Tag = 512K/256 = (2^19)/(2^8) = 2^11, there fore 11 bits are reserved for TAG in the cache memory address.

If the memory address is 24bit then 11 bits of tag, 8 bits of blocks, and 5bits of the word.

Then, Mapping Memory blocks with Cache blocks

0 – 0
1 – 1
2 – 2
255 – 255
256 – 0
257 – 1

Here we cannot have both blocks at the same time leads to contention problems.

Disadvantages of Direct cache memory mapping

1. Contention problem which is explained in the above example.
2. A new block of main memory will always replace the old block in cache. If these two are the blocks that are to be used most frequently then the performance of the cache falls.

Associative Mapping Cache Memory Algorithm

Here, the algorithm is in such a way that any block of the main memory can be mapped into any block of the cache.

Address of associative mapping cache memory algorithm.

TAG-WORD

Let us take an example, Cache has 256 blocks and the main memory is 512K.

The advantage here is that it gives much freedom for block mapping there is a large room for replacement algorithms.

The disadvantage is that a 19bit TAG bit is to be compared with all Tag registers of cache blocks. Hence need for associative memory to store these Tag values is costly and will be of less scalability.

N-Way or Set Associative Mapping Cache Memory Algorithm

This a balanced cache memory algorithm that is a selective combination of both direct mapping and associative mapping cache algorithms.

N number of choices denotes how many parts of the memory is associative mapping capable and the remaining will be the direct mapping.

For example, N = 1 indicates the algorithm is completely direct mapping and N = 2 or 4 or 8, etc. for N- way set associative.

A typical intel i7 core processor has an 8-way set associative mapping algorithm.

Address of N-way set-associative cache memory mapping algorithm.

TAG-SET-WORD

Let us take an example, assume 4-way set associative mapping, and Cache has 256 blocks and main memory is of 512K.

Number of sets in cache = Number of cache blocks / N-way set = 256/4 = 64 sets

TAG = (Number of main memory blocks) / (Number of sets in cache) = 512K/64 = 2^13 [13bits]

Advantages of N-way set-associative cache memory mapping algorithm.

1. The TAG fields of each SET are being compared with the block of main memory to be associatively mapped with the SET of cache.

2. Instead of using a large single associative memory as in the associative mapping, here we are making use of small sets of associative memories.

Conclusion

In the above topics, we discussed the cache and main memory by considering the word addressing.
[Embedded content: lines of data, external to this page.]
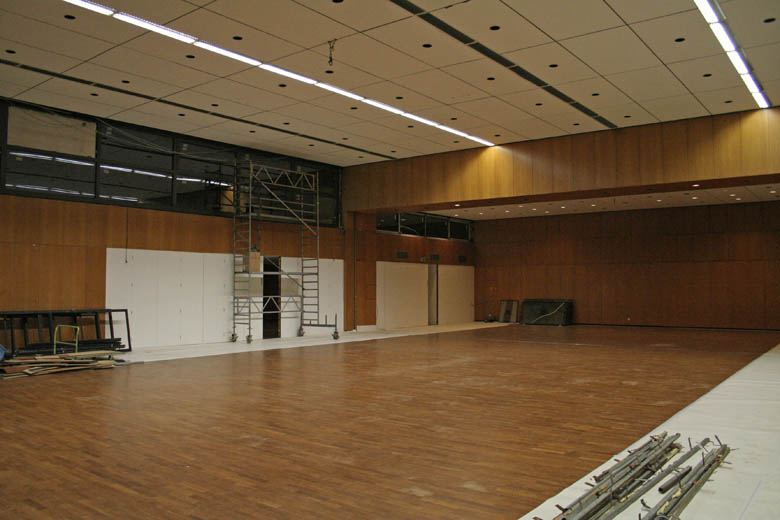 Gallushalle Grünberg Saal gesamt Blick von vorne rechts.jpg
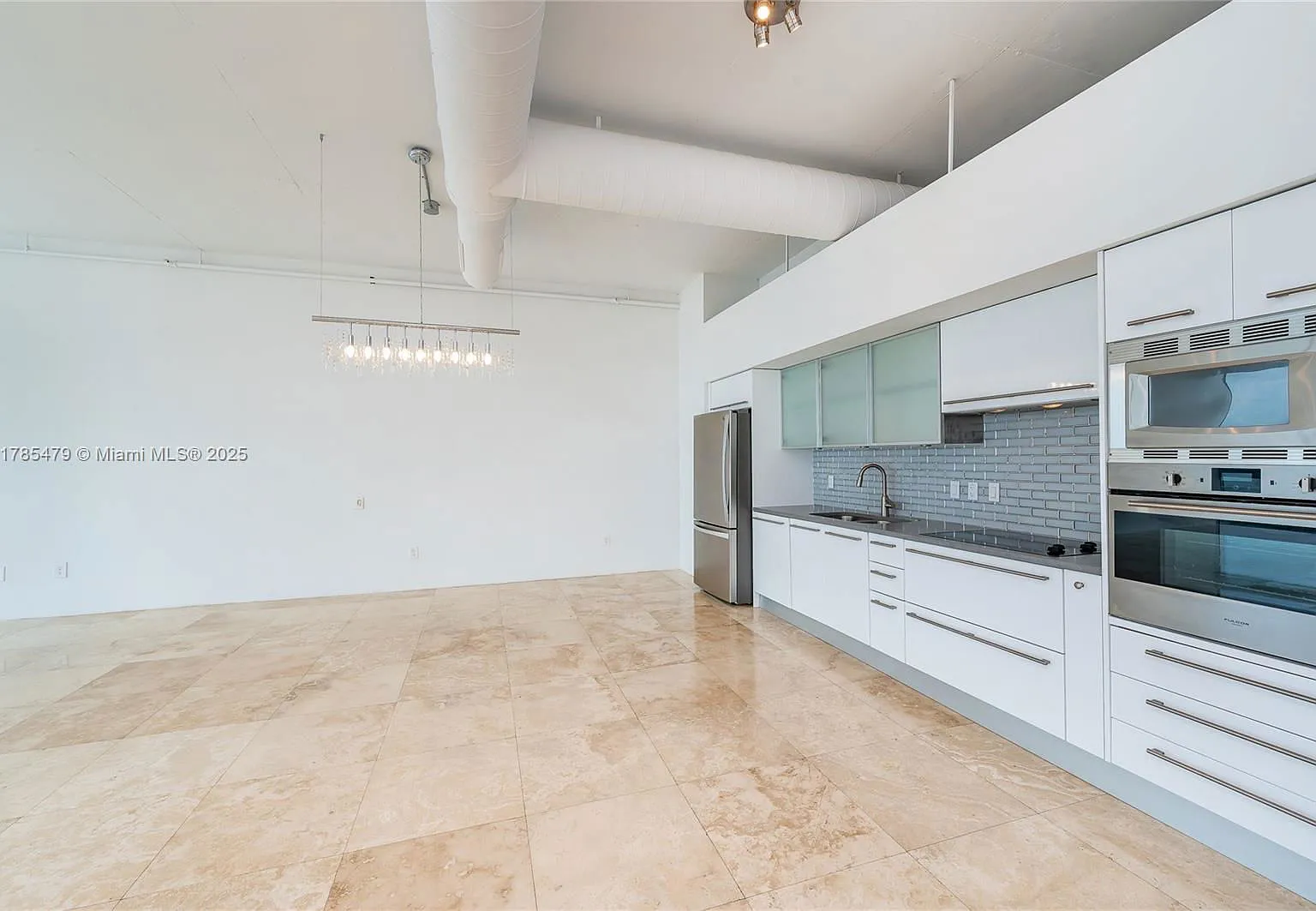 2 bed, 2.0 bath, 1906 sqft, $6,000 — Photo 4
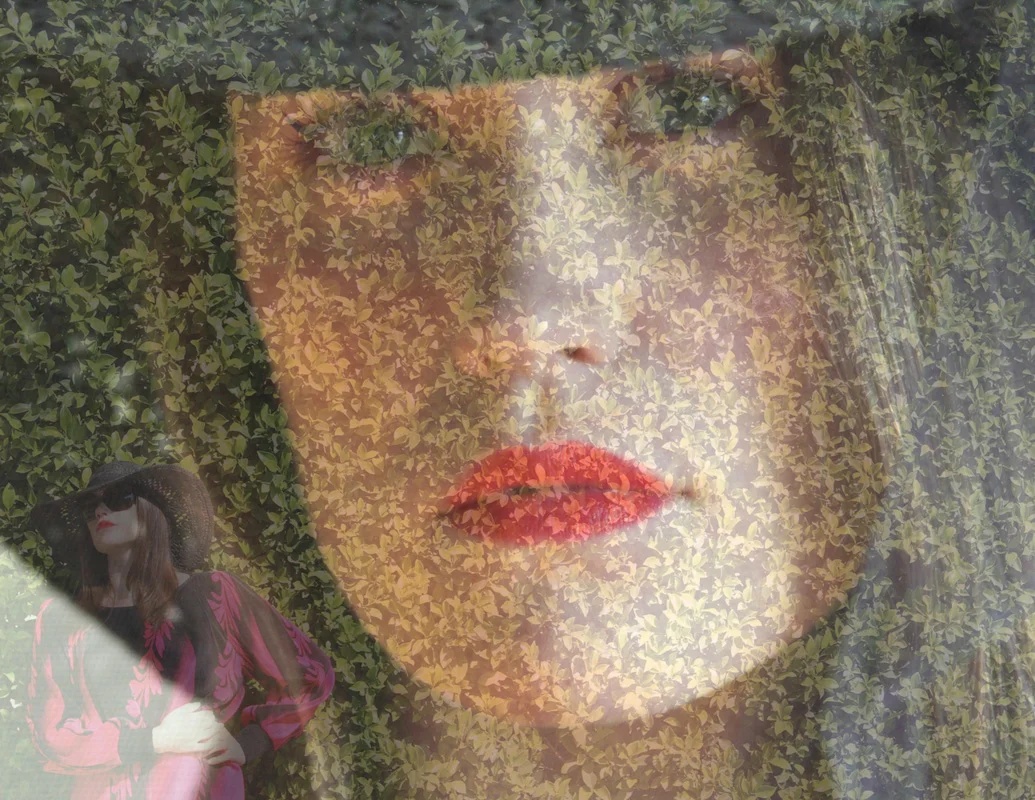 Scarlett Redmond as The Dead Soldier's Wife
The is a byte addressing cache also, which is similar in concept but needs to understand the differences. I suggest going through byte addressing in cache once.

We have understood the advantages and disadvantages of all three cache mapping algorithms. The only thing solving cache problem is also a must to understand cache completely. I will try to bring up some cache problems with the solution and attach a link to this post later.

Happy Learning.